▶ Task to complete
From the line holding "Set the box" through the line holding "You can see" below, write out every line exactly; include both of those lines and drop the pictures.

▶ Extracted data

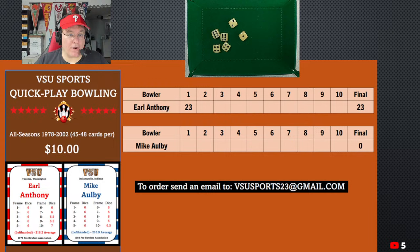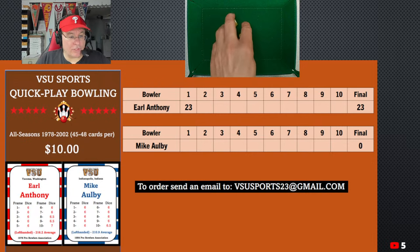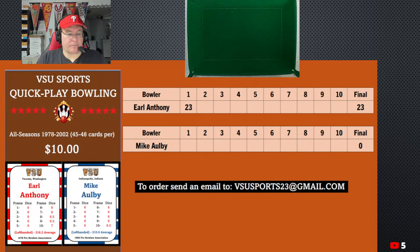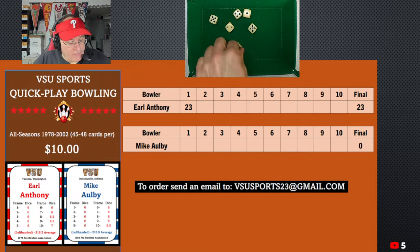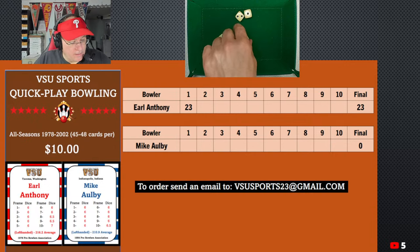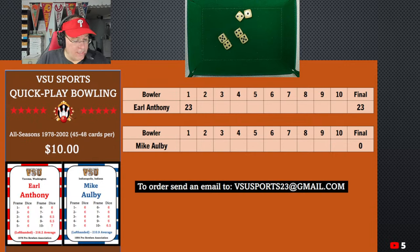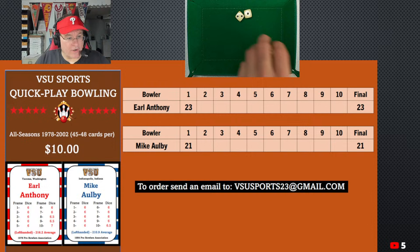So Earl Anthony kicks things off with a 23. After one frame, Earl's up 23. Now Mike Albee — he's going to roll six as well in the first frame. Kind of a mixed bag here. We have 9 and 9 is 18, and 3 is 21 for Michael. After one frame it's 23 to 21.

--

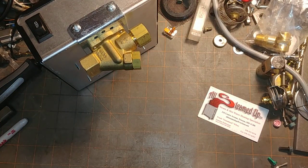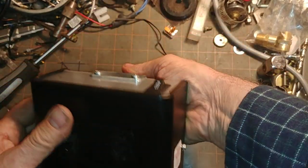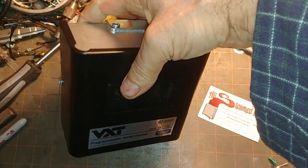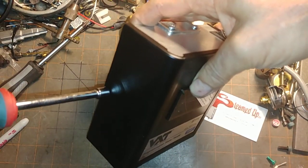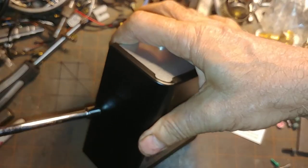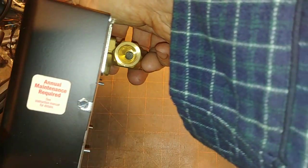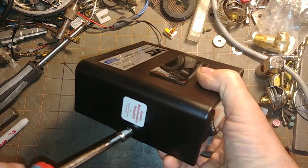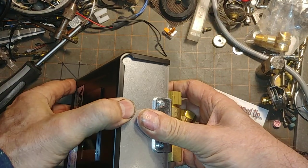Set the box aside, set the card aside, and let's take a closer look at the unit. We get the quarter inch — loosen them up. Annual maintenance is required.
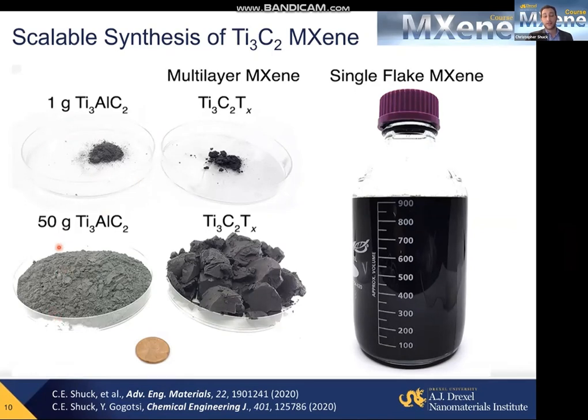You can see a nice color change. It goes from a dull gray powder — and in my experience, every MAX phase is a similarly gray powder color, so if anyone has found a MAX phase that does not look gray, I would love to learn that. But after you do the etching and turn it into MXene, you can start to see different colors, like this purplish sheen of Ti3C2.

▶ Result of the exercise
Set the box aside, set the card aside, and let's take a closer look at the unit. We get the quarter inch — loosen them up. Annual maintenance is required.
You can see a nice color change. It goes from a dull gray powder — and in my experience, every MAX phase is a similarly gray powder color, so if anyone has found a MAX phase that does not look gray, I would love to learn that. But after you do the etching and turn it into MXene, you can start to see different colors, like this purplish sheen of Ti3C2.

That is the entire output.